Sunday, January 21, 2007
"A community of heroes". posted by Richard Seymour
I wanted to draw your attention to Dominick Jenkins' book, The Final Frontier. I was stunned by the perspicacity of some of the analysis of America's early empire building (although it is somewhat cursory on the anti-imperialist reflux represented by Mark Twain et al). In particular, I want to highlight a few themes that Jenkins draws out brilliantly. The first is a motivation for empire often overlooked: the need to avert the growing polarisation and class war in American society. This was recognised in the late 19th Century by Theodore Roosevelt, (whom Vidal dubbed the 'American Sissy'), and Henry Cabot Lodge, who - recognising the growing insularity of the Protestant capitalist elite, its increasing tendency to seclude itself from the rest of society in country clubs, boarding schools, fraternities and other sealed spaces, its growing ethnic exclusivity - worried about what excellent fodder this situation presented to anarchists. Industrialisation drew millions of unassimilated migrants, who were not being assimilated, while at the same time the growth of an urbanised working class and the political challenge from black workers and women contributed to the growth of a new left, comprising anarchists, populists and socialists. The populists argued that the state was serving the interests of the East Coast elite, exploiting the financial weakness of farmers and grinding down the poor. The socialists and anarchists argued that since the ruling class was visibly pursuing its own interests, the working class should certainly pursue its own interests, and to hell with purblind patriotism.Roosevelt et al contended that to save America, a new frontier was needed: by waging wars of expansion, always with the fondest motives, always with civilisation and Christian virtue in mind, Americans would be impressed by their collective power and would "come to see themselves, as they had done in the Civil War, the Indian Wars, and in the colonization of new land, as a community of heroes engaged in a struggle upon which the future of humanity depended." Well, if that isn't American imperialist ideology to a tee. The firefighter, policeman, intrepid reporter, blue-collar bum, incorruptible union activist, brave American soldier - heroism is the supreme imperialist virtue (even if its application is cowardly, corrupt, venal, brutal, and in general as unlikely to inspire admiration as any form of human conduct).

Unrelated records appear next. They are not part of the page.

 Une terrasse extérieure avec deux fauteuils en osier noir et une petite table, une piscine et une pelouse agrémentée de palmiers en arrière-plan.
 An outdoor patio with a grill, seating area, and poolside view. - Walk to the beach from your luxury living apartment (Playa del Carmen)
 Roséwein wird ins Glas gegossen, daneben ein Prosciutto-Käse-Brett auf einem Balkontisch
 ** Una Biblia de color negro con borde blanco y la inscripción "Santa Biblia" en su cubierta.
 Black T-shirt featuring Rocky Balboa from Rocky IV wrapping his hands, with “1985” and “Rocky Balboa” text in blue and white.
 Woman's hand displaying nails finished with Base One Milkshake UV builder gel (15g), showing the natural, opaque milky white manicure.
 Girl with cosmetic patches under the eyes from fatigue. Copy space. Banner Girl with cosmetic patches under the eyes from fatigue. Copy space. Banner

The impression this was supposed to make on popular consciousness was immense: vice, Roosevelt argued, would be blown away like chaff once Americans had "something to think about which isn't material gain" - that is, the vice of class struggle would be whipped if American workers were occupied with fantasies of noble domination, of personal sacrifice and national supremacy. The creation of the Rough Riders when America declared war on Spain in 1898 was an early attempt to galvanise such a national feeling: it was one of three volunteer cavalries sent to fight in Cuba, putatively on the basis of liberating the island from oppressive Spanish rule. The 'classlessness' of the Rough Riders was emphasised: Bucky O'Neil, Roosevelt's "dearest comrade" was twice a Populist candidate for Congress; one sergeant was a leading Gold Democrat (a short-lived formation devoted to classical liberalism); one was a well-known socialist. In doing so, they provided an idealised 'democratic' community, representative and meritocratic, with cowboys and millionaires mingling their blood on the battlefields.

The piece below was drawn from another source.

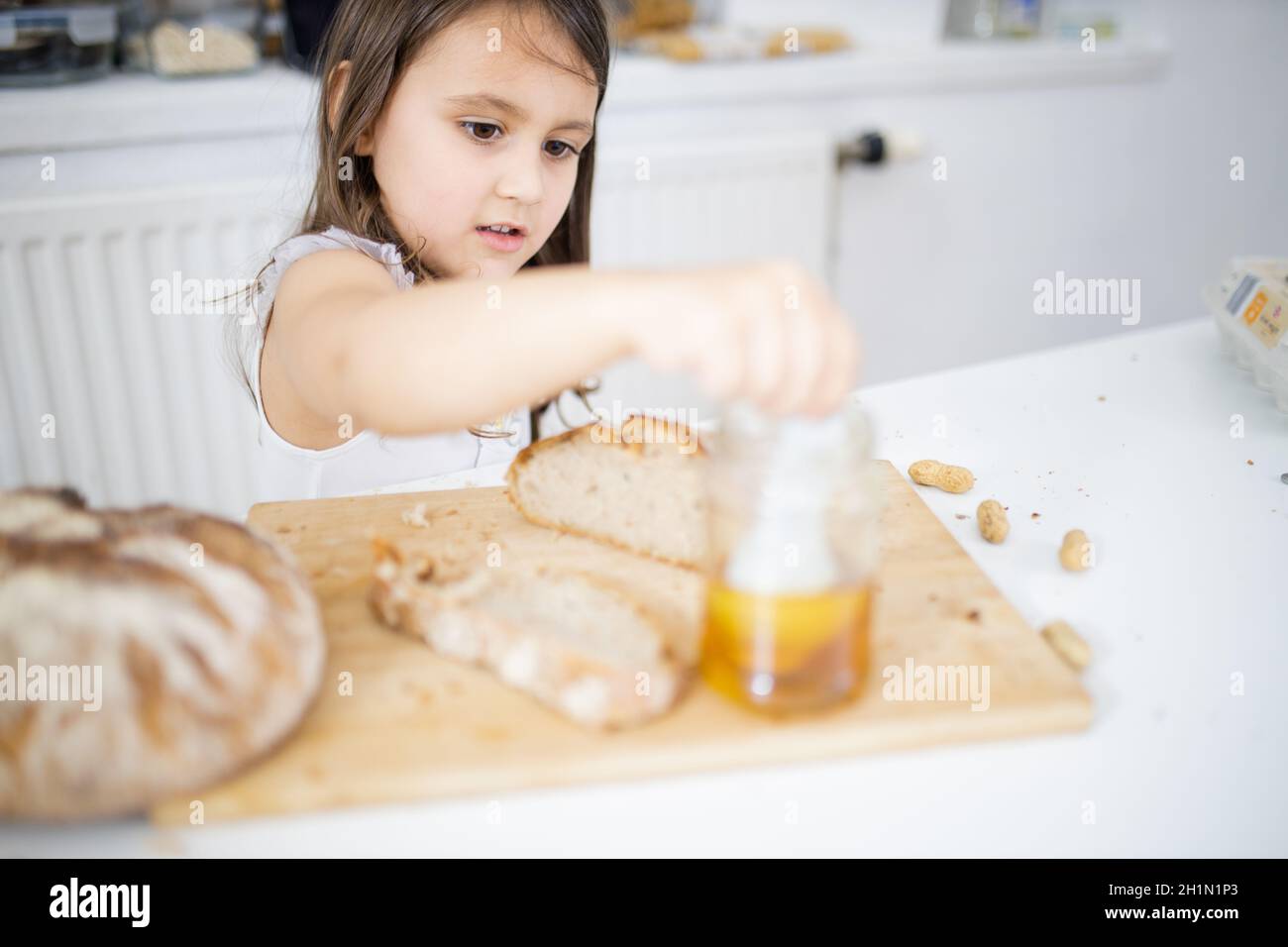Pequeña niña recogiendo miel del tarro junto a una rebanada de pan encima  de la tabla de madera. Niño pequeño en la mesa blanca pegando una cuchara  en el tarro de miel.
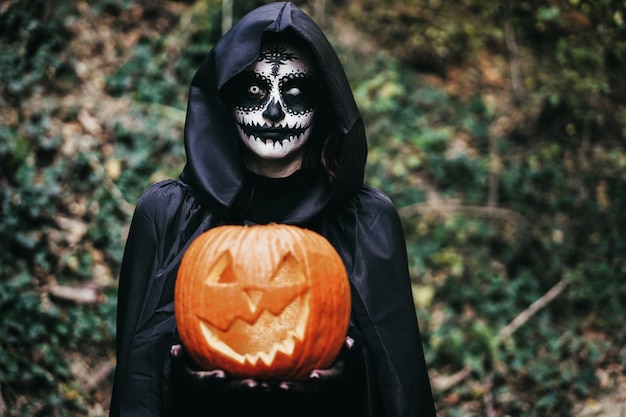 Giovane ragazza che indossa un misterioso abito di Halloween che tiene una zucca spaventosa - Focus on face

America's frontiers had been bounded to the West by the coast, to the south by the conquest of Texas, and to the north by the 1812 war. If a new frontier was sought, it was a perpetually shifting one: Cuba was taken, and so were the Philippines. In the latter, the Americans had to contend with Emilio Aguinaldo's insurgency, which fought both a convential war (initially, and to its great loss) and a guerilla war (later, and with much success). Given that the methods used to suppress the rebellion could not help but inspire outrage and disgust in an America not yet thoroughly imbued with imperialist doctrine, Roosevelt made the following pitch: "Every expansion of civilisation makes for peace ... The rule of law and order has succeeded to the rule of barbarous and bloody violence. Until the great civilised nations stepped in there was no chance of anything but bloody violence." He noted the Peace Conference at the Hague and the declining frequency of conflict between the European powers as instances of the peaceful lot of civilised nations - the Filipinos, by contrast, weren't even a nation, but a diversity of tribes and clans, and the rebels merely represented one tribe, the Tagalogs. Roosevelt compared them to the Apaches, and Aguinaldo to Sitting Bull. A long period of American rule was in order.
Now, let's take a look at the Nobel Peace Prize. Before Henry Kissinger was able to count satire among his millions of victims, Elihu Root was a recipient of that ignoble award. Under McKinley and Roosevelt, he was the US Secretary of War, then Secretary of State, then a Republican Senator. He worked in the field of international law, and worked in the Carnegie Endowment for International Peace. He served the cause of peace in the Rooseveltian sense - as an imperialist warrior - and was emphatically opposed to Wilson's early neutrality on WW1. He maintained a firm Open Door policy (and was happy to kick in a few doors). In 1907, in his role as Secretary of State, he lectured Yale University students, explaining to them their role as a future elite. The trouble afoot, he explained, was that humanity would face multiple catastrophes that only the ruling class could ward off. He explained that they must explain to Americans the absolute necessity of state involvement in civilising each quarter of life, since the "fairest and most fertile" plots had been left as wildnerness for years under no government, while "under good government, industry and comfort flourish on the most sterile soil". They should highlight the progress that modern governance had brought them, and the dependence of every aspect of modern life on good governance. What is more, they should alert fellow Americans to the fact that good governance helps them to govern themselves, providing "self control - organised capacity for the development of the race". They ought to remind people of the tyranny of the mob, that most awesome of despots: look at the Red Terror, the French Revolution, the Wat Tyler rebellion... oh, look gentlemen, and fear. Make the people afraid of themselves, by all means possible. Finally, Americans ought to understand their achievements in light of ancient Rome, which had the virtue of being both an empire and a republic.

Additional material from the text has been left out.